Following a successful mid-year review, we headed down to Old Ford Island at the heart of the Olympic park, where we met our guides, Peter and Nadia. After a quick briefing on the local flora and fauna, we split into two teams to begin helping manage the site’s conservation.
Team one were in charge of trimming the overgrown grassland. To make it a bit more interesting than simply mowing the lawn, Peter trusted our leasing experts with slashers – big scythe-like tools you had to swing through the tall grass. As interesting and fun as it was to wade through the overgrown field like medieval gardeners, the aching arms soon made it clear why the lawnmower was invented. Nevertheless, we had a great time slashing and raking up the grass and in no time, had cleared a large area of space to help encourage species diversity.

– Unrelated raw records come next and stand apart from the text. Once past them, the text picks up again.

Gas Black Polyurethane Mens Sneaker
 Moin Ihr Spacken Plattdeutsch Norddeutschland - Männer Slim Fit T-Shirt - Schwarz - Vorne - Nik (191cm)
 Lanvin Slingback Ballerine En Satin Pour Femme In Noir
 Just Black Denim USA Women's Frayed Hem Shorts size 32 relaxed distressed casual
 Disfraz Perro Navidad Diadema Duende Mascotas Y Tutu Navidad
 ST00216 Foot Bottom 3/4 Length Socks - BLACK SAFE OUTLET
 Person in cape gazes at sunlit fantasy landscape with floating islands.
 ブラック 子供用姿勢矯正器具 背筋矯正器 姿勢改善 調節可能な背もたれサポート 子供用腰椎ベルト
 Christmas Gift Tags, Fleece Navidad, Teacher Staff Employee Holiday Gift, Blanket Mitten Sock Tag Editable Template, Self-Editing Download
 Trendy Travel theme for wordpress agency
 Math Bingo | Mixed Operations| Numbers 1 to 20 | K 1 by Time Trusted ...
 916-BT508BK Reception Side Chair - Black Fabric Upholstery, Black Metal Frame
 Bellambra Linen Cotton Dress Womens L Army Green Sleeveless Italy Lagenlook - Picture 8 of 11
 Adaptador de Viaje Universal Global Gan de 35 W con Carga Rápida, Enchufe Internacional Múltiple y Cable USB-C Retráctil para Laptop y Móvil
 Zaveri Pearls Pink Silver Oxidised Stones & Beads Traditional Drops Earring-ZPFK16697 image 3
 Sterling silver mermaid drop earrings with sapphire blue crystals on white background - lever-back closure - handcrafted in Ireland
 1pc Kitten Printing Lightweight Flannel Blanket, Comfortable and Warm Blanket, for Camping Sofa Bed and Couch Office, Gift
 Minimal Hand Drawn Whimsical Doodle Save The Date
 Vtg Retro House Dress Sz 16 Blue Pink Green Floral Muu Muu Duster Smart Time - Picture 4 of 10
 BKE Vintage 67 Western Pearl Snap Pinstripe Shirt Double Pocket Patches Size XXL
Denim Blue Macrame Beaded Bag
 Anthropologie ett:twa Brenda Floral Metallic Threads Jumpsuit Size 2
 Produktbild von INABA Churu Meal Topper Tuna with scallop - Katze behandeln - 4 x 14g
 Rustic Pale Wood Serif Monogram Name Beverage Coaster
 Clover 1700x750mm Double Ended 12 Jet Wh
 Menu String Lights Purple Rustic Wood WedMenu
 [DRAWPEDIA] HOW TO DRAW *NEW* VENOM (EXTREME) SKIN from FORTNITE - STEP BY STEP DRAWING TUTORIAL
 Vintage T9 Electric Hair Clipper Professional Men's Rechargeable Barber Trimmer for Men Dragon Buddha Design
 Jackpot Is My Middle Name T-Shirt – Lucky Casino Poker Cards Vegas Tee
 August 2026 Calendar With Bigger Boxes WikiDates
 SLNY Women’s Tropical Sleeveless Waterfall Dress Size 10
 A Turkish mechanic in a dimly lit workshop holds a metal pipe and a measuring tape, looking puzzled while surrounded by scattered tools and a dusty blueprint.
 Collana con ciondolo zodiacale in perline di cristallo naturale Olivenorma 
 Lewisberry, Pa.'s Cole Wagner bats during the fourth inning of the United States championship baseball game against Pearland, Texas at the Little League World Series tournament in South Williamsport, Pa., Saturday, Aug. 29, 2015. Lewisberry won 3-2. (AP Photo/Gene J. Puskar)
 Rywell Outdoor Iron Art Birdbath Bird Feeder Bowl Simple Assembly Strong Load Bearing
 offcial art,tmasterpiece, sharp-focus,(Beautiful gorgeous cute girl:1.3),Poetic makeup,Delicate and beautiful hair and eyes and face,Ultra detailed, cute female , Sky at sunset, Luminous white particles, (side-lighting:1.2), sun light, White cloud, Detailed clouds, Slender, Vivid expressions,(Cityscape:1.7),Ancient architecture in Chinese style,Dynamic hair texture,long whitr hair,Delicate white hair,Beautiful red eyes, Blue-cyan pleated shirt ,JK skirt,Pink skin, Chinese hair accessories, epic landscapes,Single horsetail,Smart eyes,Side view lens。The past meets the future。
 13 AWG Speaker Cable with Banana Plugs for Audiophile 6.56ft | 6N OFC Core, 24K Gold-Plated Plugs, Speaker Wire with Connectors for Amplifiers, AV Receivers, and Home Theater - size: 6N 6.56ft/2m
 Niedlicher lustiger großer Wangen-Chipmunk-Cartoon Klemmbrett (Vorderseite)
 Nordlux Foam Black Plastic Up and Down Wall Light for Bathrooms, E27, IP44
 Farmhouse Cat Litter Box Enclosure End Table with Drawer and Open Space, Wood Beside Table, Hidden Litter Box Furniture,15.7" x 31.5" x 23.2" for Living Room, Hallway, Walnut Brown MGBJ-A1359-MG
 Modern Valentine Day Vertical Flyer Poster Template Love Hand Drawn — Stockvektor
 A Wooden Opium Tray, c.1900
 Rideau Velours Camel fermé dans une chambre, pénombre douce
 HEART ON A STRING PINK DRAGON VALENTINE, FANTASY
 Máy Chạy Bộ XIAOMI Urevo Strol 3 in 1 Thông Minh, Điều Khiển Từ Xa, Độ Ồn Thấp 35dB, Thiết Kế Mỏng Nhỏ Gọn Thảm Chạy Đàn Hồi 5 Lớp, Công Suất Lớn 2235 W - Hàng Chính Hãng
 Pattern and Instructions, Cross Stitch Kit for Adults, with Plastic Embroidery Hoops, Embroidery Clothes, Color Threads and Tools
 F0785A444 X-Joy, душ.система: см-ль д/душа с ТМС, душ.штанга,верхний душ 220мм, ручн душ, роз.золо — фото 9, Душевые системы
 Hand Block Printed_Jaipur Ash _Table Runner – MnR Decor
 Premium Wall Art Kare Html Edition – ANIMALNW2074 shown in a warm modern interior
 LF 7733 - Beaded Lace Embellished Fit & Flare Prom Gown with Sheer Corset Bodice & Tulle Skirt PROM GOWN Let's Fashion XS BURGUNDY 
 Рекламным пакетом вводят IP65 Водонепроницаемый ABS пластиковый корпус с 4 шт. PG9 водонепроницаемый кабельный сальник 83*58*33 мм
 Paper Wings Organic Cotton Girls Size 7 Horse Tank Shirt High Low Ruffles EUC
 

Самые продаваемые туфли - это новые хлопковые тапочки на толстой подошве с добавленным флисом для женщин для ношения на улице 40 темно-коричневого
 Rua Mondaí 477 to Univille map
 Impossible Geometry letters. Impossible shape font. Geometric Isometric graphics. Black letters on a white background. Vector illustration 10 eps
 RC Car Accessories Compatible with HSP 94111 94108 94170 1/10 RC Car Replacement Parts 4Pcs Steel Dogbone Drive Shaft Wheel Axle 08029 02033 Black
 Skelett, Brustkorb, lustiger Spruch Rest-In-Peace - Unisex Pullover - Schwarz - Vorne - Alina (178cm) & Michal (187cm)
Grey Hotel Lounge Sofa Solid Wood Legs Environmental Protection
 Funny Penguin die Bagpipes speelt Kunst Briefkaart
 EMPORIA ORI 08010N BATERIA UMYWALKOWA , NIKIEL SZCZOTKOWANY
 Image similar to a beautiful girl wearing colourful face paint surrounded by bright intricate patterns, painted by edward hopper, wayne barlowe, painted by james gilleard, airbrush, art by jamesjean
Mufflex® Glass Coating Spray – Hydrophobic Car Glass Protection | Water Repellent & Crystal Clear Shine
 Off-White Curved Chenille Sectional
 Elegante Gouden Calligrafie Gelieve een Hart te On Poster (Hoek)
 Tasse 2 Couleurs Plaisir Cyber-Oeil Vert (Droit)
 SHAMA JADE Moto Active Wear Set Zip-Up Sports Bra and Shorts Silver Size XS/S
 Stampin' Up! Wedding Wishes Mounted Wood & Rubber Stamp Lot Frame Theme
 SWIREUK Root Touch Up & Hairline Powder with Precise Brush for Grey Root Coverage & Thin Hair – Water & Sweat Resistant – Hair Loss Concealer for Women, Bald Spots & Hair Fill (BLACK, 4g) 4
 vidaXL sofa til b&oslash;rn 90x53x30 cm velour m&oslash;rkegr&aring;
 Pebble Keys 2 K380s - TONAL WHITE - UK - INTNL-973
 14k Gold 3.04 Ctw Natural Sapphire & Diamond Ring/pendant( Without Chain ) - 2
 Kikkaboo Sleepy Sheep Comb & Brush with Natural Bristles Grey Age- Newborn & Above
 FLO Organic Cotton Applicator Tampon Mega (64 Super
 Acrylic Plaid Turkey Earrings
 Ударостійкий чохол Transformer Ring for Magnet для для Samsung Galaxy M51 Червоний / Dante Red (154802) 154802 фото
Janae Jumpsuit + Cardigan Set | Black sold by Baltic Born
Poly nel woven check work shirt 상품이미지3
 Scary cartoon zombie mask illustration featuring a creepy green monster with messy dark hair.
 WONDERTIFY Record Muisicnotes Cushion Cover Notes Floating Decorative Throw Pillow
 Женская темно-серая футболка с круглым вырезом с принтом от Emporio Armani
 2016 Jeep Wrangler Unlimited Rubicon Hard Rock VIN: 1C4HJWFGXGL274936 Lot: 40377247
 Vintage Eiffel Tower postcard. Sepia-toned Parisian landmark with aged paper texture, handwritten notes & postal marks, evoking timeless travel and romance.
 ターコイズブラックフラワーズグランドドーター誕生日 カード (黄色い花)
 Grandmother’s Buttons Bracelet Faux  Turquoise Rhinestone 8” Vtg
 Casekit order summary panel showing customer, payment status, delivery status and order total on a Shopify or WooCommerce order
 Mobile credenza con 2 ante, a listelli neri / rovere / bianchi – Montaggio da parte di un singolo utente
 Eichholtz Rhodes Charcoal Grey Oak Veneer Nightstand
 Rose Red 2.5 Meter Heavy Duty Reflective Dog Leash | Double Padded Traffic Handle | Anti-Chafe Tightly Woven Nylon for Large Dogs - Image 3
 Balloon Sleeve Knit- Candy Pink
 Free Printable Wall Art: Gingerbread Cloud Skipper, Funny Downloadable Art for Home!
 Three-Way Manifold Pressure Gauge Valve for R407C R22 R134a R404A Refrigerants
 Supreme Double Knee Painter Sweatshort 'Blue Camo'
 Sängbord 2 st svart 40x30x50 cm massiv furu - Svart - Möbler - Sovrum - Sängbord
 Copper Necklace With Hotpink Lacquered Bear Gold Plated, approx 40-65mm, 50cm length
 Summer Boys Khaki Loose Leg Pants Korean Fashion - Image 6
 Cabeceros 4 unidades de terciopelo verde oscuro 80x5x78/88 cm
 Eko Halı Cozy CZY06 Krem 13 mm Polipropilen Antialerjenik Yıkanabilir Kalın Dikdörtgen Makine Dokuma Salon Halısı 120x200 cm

Team two we focused on clearing a path through a treacherous tangle of buddleia, brambles and other dominating plant-life as part of the Trust’s species and habitat management. Armed with loppers, shears and saws, we managed to open up the pathway, avoiding the stinging nettles and Japanese knotweed along the way.
This day is the first of many future community engagement events Innervision is planning to promote, as part of our developing focus on sustainability within our business. As well as updating our corporate responsibility policy, we have recently teamed up with City Action, a London-based company and part of The City of London that help link corporate organisations with charities. This partnership will help Innervision further contribute by providing volunteers and long-term pro-bono services.
All-in-all, the Innervision team had a great time and were able to help support The London Wildlife Trust and the amazing work they do the preserve the natural beauty within the capital. A big thank you to Peter and Nadia for letting us get our hands dirty and do some good for the ecosystems.